37. The Fort of Jiyad

2014

c. 1780 CE
c. 1193 AH
Found in a Mecca antique shop, 2013

You might assume that I am just some tourist tat, a simple tea tray. But look closely at the image painted on me. Can you see there the Ajyad Fortress, now demolished? What histories it held, from its construction in 1780 to becoming the stronghold of the Ottomans in the battles of 1916. Oh how right were its creators to predict that a structure had to be built to protect the Ka’aba and Islamic shrines from rebels, bandits and invaders, not to mention Wahhabi radicals! But the Fortress would later be levelled by the religious leaders of Saudi, the Muslim World League.

I often wonder whether, like the Fortress, once my services are no longer required I too will be returned to the fire in which I was cast.

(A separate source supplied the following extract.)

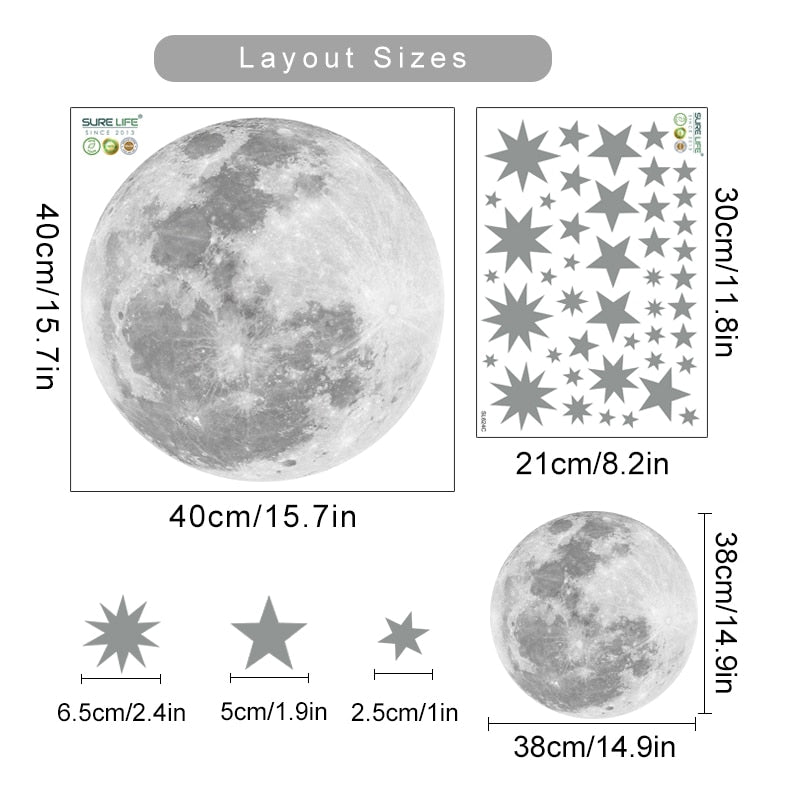 Nursery Wall Decals Moon & Stars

This work transcends the objects. Ultimately, what I’m working with isn’t only the artefacts themselves, but the stories attached to them. For me, each tale is the manifestation of the object, and each object is a tangible materialisation of an underlying narrative. The work finds its equilibrium somewhere between the stories and chronology they’re chaptered into, the objects becoming knots or points along the timeline, woven into stories as part of the language of this artwork. Each story draws out a tale that intends to trigger imagination and memory, mixing fact with fiction, with the ultimate aim of straddling, conflating and confusing fixed notions of history to open up the unofficial histories that shape the character of place and memory.